Prompt - Using the listing that follows, filter out every line lacking the string "Brown" and return the rest.

Available data -
>>>>>
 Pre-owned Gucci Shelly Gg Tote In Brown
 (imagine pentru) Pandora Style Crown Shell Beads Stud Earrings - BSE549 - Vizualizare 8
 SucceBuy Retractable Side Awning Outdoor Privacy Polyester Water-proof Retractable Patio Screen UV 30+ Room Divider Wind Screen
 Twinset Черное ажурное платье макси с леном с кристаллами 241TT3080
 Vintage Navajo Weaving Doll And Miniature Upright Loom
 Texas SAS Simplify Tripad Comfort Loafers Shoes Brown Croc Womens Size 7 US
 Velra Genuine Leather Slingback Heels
<<<<<
>>>>>
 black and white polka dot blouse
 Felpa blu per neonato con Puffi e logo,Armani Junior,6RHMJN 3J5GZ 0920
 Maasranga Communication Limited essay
<<<<<
Answer for this exercise -
 Pre-owned Gucci Shelly Gg Tote In Brown
 Texas SAS Simplify Tripad Comfort Loafers Shoes Brown Croc Womens Size 7 US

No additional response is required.